A Day of Necessity and Virtue

“Great necessities call out great virtues,” wrote Abigail Adams. September 11, 2001, was a day of necessity and virtue. Hijackers seized United Airlines Flight 93 on its way from Newark to San Francisco. At first, passengers thought that the hijackers just wanted to divert the flight. But when they called family members, they learned that other planes had just flown into the World Trade Center and the Pentagon. They fought back. Amid hand-to-hand combat, Flight 93 crashed into a field in western Pennsylvania.

Americans then gave millions of dollars to help the families of those who died in the attacks. So many volunteers flocked to New York that officials had to turn most away. Others either got in touch with groups such as the Red Cross, or they started new ones. This response illustrated what Alexis deTocqueville noted: “Americans of all ages, all stations in life, and all types of dispositions are forever forming associations.”

The passengers and crew of Flight 93 showed this tendency themselves. They did not strike out randomly. Instead they formed an association of sorts, quickly discussing how to get into the cockpit. They even took a vote. This decision to fight was an example of what Tocqueville called “self-interest properly understood.” By taking on the hijackers, they realized, they could save lives on the ground and might even save their own.

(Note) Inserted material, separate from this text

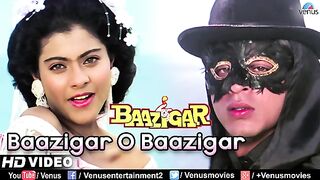 Baazigar O Baazigar-HD VIDEO SONG| Shahrukh Khan| Kajol|Film: Baazigar |90's Superhit Hindi Love Song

Among the passengers, Don Greene was a licensed pilot of small planes, and Andrew Garcia had been an air-traffic controller for the Air National Guard. With coaching from the ground, they might have made an emergency landing.

We can see a related facet of the country’s character in the presence on Flight 93 of Garcia and former paratrooper William Cashman. Since colonial days, many Americans have fulfilled their desire to serve by joining the militia, the reserves, or the active-duty military. After September 11, as in times past, service members faced upheavals in their lives. Men and women in the National Guard took leave from their civilian jobs to tighten airport security. Meanwhile, the Pentagon activated thousands of reservists. And within weeks, United States forces were fighting in Afghanistan. Major wars have also called out sacrifices on the home front, as civilians have given time, money, and blood to support those in uniform.

Another passenger on Flight 93 was Todd Beamer, who became famous for what an operator heard him say as he put down his phone: “Are you guys ready? Let’s roll.” Moments earlier, he had asked her to pray with him. That evening, lawmakers gathered on the steps of the U.S. Capitol, reportedly the target of the Flight 93 hijackers. After their leaders spoke of their resolve, they joined to sing “God Bless America.” Nine days later, President George W. Bush addressed them and concluded: “In all that lies before us, may God grant us wisdom, and may He watch over the United States of America.”